Regarding the freeze response, Levine states, “The physiological evidence shows that the ability to go into and come out of this neutral response is the key to avoiding the debilitating effects of trauma.” When a traumatized person regains this capacity, it often feels like a new lease on life. A sense of “I can” replaces the pervasive feeling of “I can’t.” Witnessing someone move from listlessness and shutdown to renewed vitality is deeply moving and offers profound hope for healing.

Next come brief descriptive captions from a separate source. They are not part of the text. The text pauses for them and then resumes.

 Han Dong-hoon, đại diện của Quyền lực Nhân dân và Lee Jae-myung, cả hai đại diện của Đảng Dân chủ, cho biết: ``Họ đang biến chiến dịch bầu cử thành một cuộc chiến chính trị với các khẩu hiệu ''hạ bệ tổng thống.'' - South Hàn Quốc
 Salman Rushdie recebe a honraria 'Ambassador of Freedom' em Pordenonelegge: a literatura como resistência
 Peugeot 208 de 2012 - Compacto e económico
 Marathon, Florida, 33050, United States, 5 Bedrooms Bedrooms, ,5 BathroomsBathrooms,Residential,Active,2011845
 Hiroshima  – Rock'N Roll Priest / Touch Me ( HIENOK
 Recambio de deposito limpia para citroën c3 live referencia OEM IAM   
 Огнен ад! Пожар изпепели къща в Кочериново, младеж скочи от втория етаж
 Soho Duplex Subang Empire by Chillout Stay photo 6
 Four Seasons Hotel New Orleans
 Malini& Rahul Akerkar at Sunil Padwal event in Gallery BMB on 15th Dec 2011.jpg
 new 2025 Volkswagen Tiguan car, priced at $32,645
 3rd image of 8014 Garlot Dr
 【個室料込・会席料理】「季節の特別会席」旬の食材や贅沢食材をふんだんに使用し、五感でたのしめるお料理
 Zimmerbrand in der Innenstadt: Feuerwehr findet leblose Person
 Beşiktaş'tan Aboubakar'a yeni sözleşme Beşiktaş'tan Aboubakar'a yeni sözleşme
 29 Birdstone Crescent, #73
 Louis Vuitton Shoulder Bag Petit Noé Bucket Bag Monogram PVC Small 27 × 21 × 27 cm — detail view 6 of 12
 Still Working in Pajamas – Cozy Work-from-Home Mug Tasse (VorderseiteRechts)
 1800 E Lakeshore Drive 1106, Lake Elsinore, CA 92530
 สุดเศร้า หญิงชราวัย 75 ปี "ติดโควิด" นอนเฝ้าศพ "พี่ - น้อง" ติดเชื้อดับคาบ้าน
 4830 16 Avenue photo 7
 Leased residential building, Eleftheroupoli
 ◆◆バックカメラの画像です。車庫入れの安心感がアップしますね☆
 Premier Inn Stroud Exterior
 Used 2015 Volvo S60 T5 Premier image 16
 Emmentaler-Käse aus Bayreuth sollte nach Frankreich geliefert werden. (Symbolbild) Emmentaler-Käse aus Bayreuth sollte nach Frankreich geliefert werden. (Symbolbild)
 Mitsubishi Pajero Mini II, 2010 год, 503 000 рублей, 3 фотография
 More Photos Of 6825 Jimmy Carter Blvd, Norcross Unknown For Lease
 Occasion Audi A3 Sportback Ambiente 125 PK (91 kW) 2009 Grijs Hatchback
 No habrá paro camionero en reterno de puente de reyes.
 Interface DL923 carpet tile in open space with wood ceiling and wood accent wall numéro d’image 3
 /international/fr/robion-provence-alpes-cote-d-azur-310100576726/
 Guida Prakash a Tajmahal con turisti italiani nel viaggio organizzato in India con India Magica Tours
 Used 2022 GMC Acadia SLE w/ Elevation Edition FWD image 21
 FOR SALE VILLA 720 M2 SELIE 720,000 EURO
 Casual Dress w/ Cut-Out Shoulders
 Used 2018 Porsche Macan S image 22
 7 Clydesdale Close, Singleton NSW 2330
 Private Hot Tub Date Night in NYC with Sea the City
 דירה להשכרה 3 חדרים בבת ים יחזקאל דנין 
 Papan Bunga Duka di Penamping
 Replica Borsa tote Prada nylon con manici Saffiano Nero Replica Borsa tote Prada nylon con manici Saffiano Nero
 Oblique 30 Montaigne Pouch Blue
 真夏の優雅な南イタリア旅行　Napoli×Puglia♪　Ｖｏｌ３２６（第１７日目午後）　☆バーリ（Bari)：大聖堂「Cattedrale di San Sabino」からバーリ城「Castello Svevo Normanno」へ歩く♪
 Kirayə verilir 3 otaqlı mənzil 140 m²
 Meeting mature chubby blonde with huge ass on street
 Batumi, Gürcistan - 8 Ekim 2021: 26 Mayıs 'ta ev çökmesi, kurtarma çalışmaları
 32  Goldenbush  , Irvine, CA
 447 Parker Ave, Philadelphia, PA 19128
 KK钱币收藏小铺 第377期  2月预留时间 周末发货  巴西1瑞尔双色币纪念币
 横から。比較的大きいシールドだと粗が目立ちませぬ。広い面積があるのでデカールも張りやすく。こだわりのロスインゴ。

Why, then, do humans struggle to move through these responses as fluidly as animals? One reason lies in the neocortex—the intellectual, rational part of the brain—which often interferes with instinctual discharge. The neocortex tends to analyze, judge, and inhibit bodily impulses, effectively overriding the body’s natural completion of survival responses. Levine describes this as a “self-made web of fear-induced immobility,” in which reasoning substitutes for instinctual action.
Additionally, humans are highly self-conscious social beings. Shaking, trembling, or spontaneous movements following trauma may appear strange or socially unacceptable, so these impulses are suppressed. Over time, this suppression distances us from our instinctual intelligence—the very place where healing resides. Levine emphasizes that healing trauma requires reclaiming our innate capacity to mirror the fluid adaptability of wild animals, allowing the nervous system to pass through immobilization, discharge survival energy, and return to full mobility and aliveness.